> _Provided material_
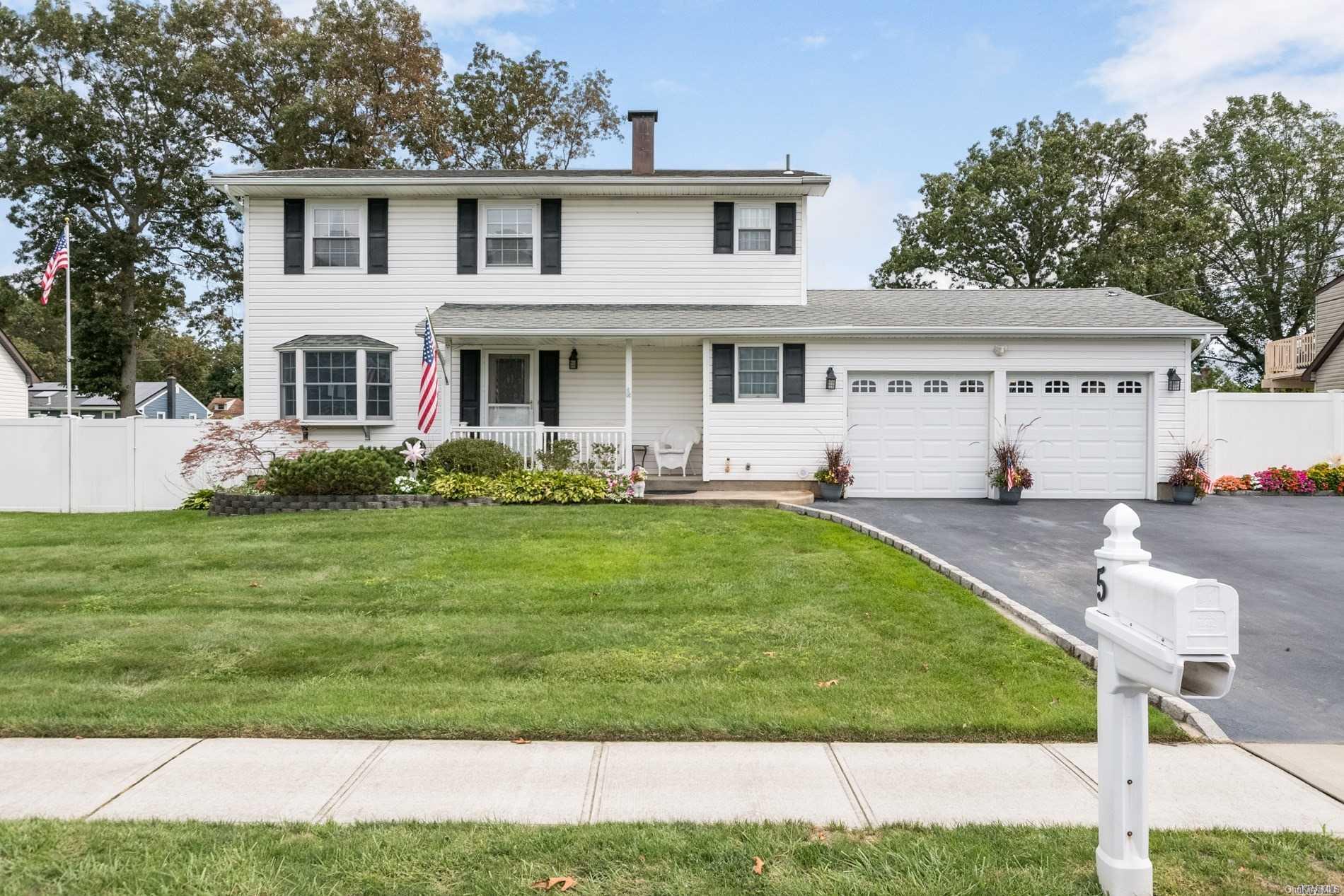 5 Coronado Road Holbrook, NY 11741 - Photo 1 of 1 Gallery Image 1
* * *
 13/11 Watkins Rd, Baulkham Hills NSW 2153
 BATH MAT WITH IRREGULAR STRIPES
---
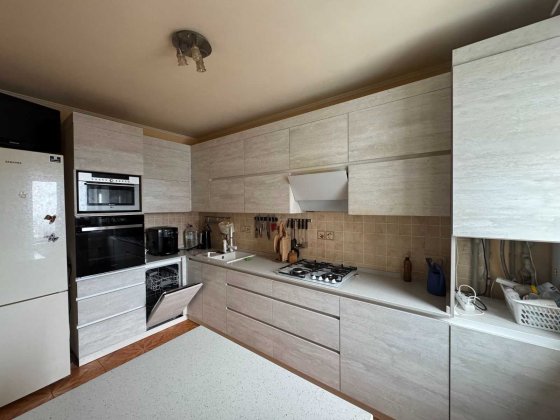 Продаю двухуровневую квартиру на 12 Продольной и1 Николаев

> _Required work_
Your task is to retype the entries verbatim, starting with the line that holds "13/11 Watkins Rd, Baulkham Hills NSW 2153" and stopping after the line that holds "BATH MAT WITH IRREGULAR STRIPES".

> _Written response_
 13/11 Watkins Rd, Baulkham Hills NSW 2153
 BATH MAT WITH IRREGULAR STRIPES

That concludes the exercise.